I would be grateful if someone could tell me what this saying means. I have it in a film by Karel Kachyna, Noc nevesty, in the negative form: 

nikdo není cehý a nikdo není hot

For some reason, neither "hot" nor "čehý" comes up in any of the available dictionaries. Are these words shortened forms of other words? (Like "hotov" perhaps?)

Thank you! Your answer will be much appreciated!


----------



## winpoj

"Hot" and "čehý" are instructions for horses to go left or right (don't remember which is which).

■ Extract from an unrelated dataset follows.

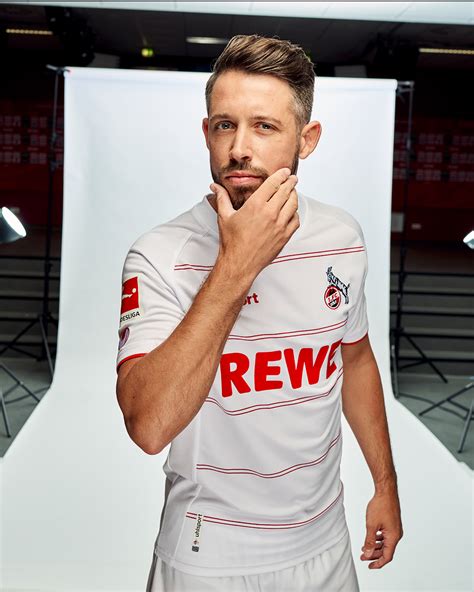 Les Maillots Du Fc Cologne 2021 2022 Lancés Par Uhlsport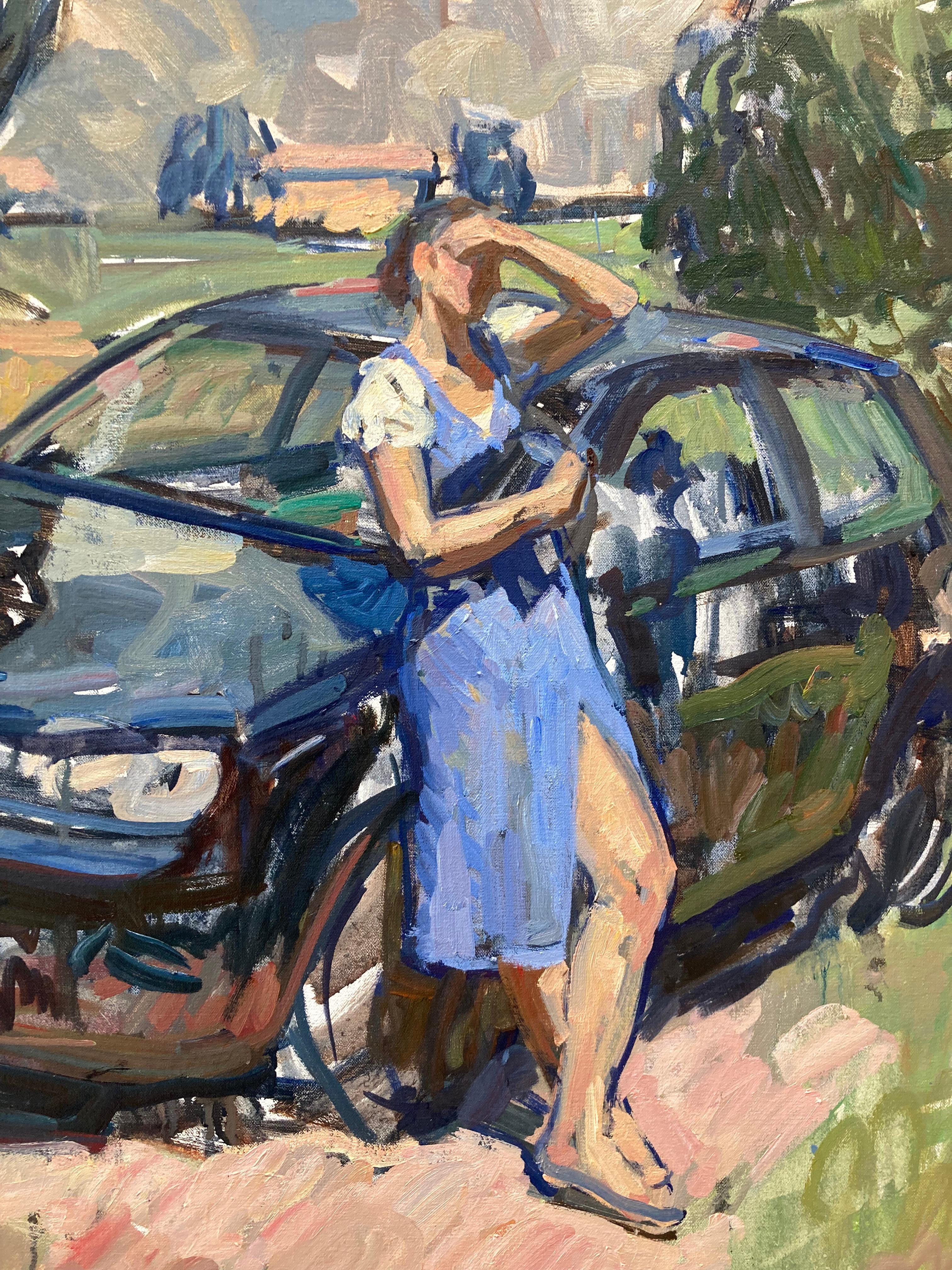 Peinture à l'huile « Golfe » en plein air, femme s'appuyant sur Fiat avec chien en Toscane, Italie en vente 1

"Jeden hot a druhý čehý" describes lack of harmony / concerted effort. If you have one horse going right and the other left, your cart will not get very far.


----------



## Petra123

Winpoj is right.
"Hot" means "to the right" while "čehý" "to the left".

Although it's still used by people around horses, most people use it just in the saying that you've mentioned: "jeden hot, druhý čehý". That might be the reason why you couldn't find it.

I'd say it's unusual to hear it in a negative form and, unfortunately, I haven't seen the movie. However, I guess in this case it might describe indifferent people, people without any opinions.


----------



## aileverte

Thank you both, winpoj & Petra123. This makes a lot of sense now.


----------